Il y a une dernière chose qui fait de Piper un homme et un penseur inactuels, donc l’un de ceux dont on a le plus besoin. Si la philosophie est possible uniquement parce que l’être s’est « déjà depuis toujours » ouvert, même si c’est dans le mystère, alors la philosophie a aussi, déjà depuis toujours, à voir avec la théologie. Pour les Grecs, cela allait de soi : la philosophie était ce savoir en quête du fondement originaire, absolu, du monde.
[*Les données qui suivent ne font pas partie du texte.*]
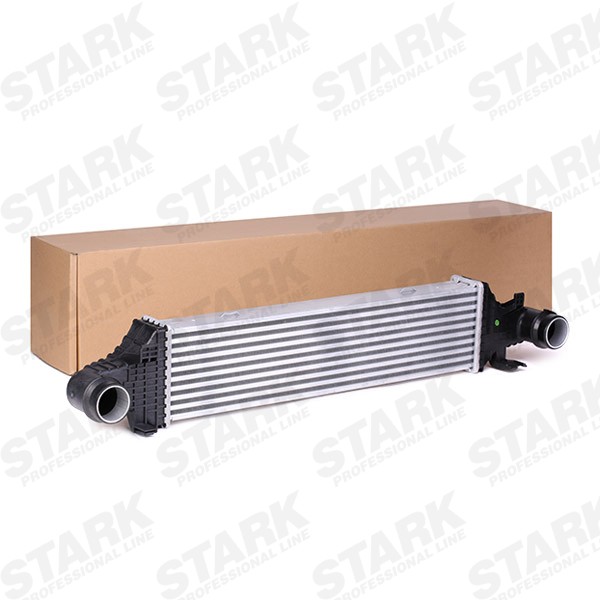STARK Intercooler turbo SKICC-0890088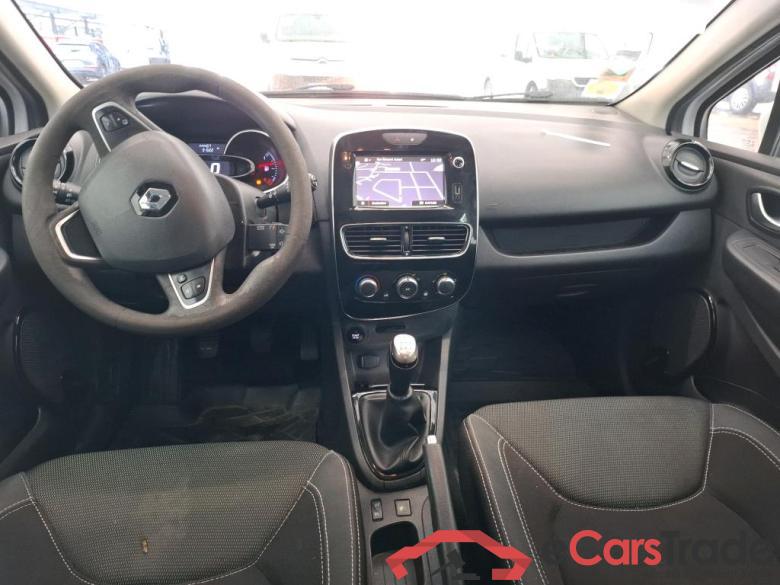 RENAULT Clio Société VU 5p Berline Air MédiaNav Energy dCi 75 #5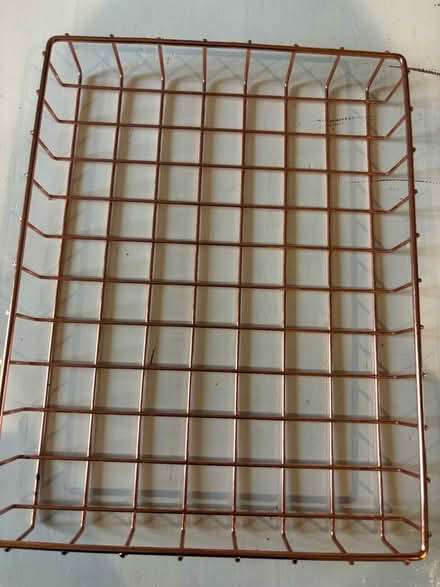 Photo of free Metal in tray (Bristol BS3 (Totterdown)) #1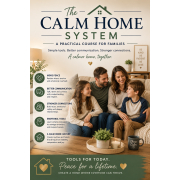 The Calm Home System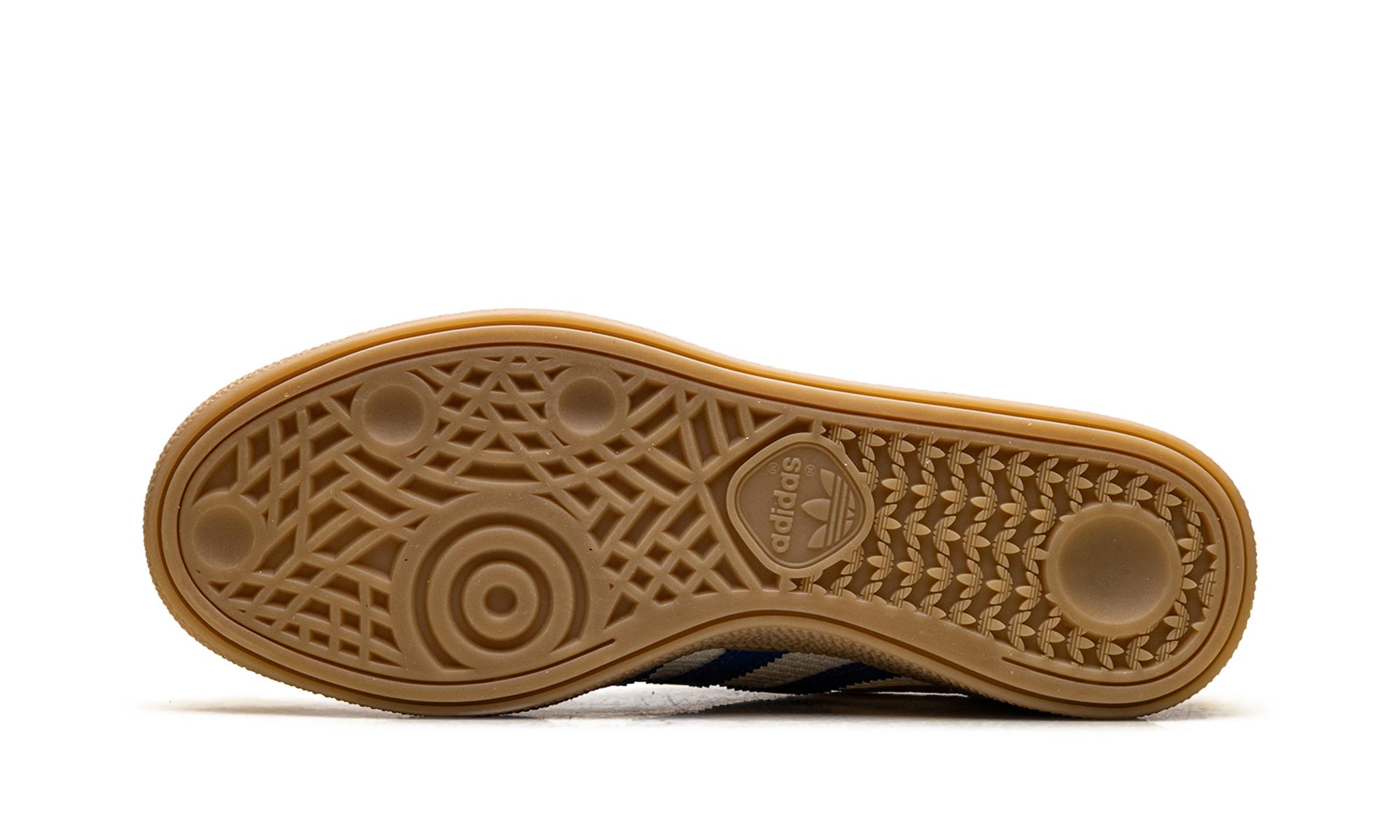 Handball Spezial "Cream White / Blue / Warm Sandstone"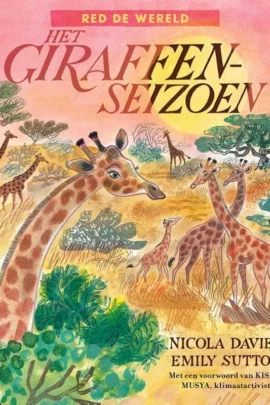 Het giraffenseizoen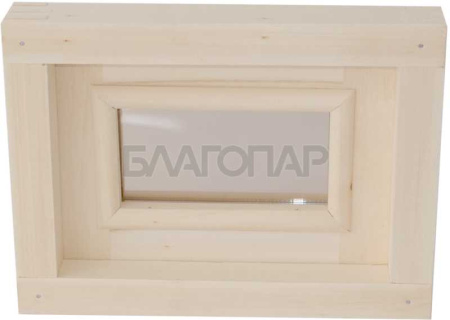 «Окна (Стеклопакет) 300х4003» – 4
Or, comment est-il possible qu’aujourd’hui la philosophie soit descendue de cette hauteur et se range parmi les sciences particulières comme au milieu de ses pairs ? Peut-être parce que la théologie chrétienne s’est établie comme la « science » – tout aussi particulière – de l’auto-dévoilement, dans le Christ, du fondement divin ? Mais cela n’est sans doute vrai qu’à partir de la scolastique tardive et rationaliste et des conséquences de Descartes, alors que pour les Pères et pour la haute scolastique l’« étonnement » du philosophe devant « le saint mystère manifeste » était toujours demeuré le fondement et le présupposé de l’« amour » chrétien pour le Dieu qui se donne totalement dans l’Ancienne et la Nouvelle Alliance. « Amour » non pas en premier lieu « pour » mais « amour venant de » : de même que le Dieu de l’Alliance, le Dieu d’Israël, plein de grâce, fidèle et miséricordieux, exige de l’homme la réponse d’un amour parfait, ainsi Jésus, qui est transparent à Dieu et qui en est l’interprète, revendique-t-il un amour (véritablement étonnant !) à son égard : « M’aimes-tu plus que ceux-ci ? » « Si vous m’aimez, alors gardez mon commandement » : autrement dit le commandement de l’amour, dans lequel (et seulement dans lequel) s’ouvre présentement à nous la plus haute intelligence de l’Absolu. Les théologiens se sont-ils demandés quelle méthode « scientifique » est nécessaire pour un objet qui exige le plus grand amour pour lui-même ? Certainement pas une méthode qui cherche à le dominer.
Pieper a pris part sans hésitation à la célébration de ces noces inévitables, existant depuis toujours, de la philosophie avec la théologie. Toutes ses œuvres évoluent dans l’espace concret du monde, un espace unique au sein duquel le philosophe ne peut échapper à une confrontation positive ou négative avec l’auto-dévoilement de l’être en Jésus-Christ. Tous les authentiques penseurs chrétiens de notre siècle ont vécu dans cet espace concret : Marcel et Eliot, Lewis et Siewerth, pour ne nommer que ceux-là. Celui qui divise cet espace concret en une philosophie fermée sur elle-même et une théologie autosuffisante, n’est ni philosophe ni théologien, même si une telle affirmation risque de déplaire aux « spécialistes » modernes.
Nous devons dire un grand merci à Joseph Pieper, parce qu’à travers ses méditations inactuelles il nous redit sans se lasser ce qu’il y a de plus nécessaire pour notre temps.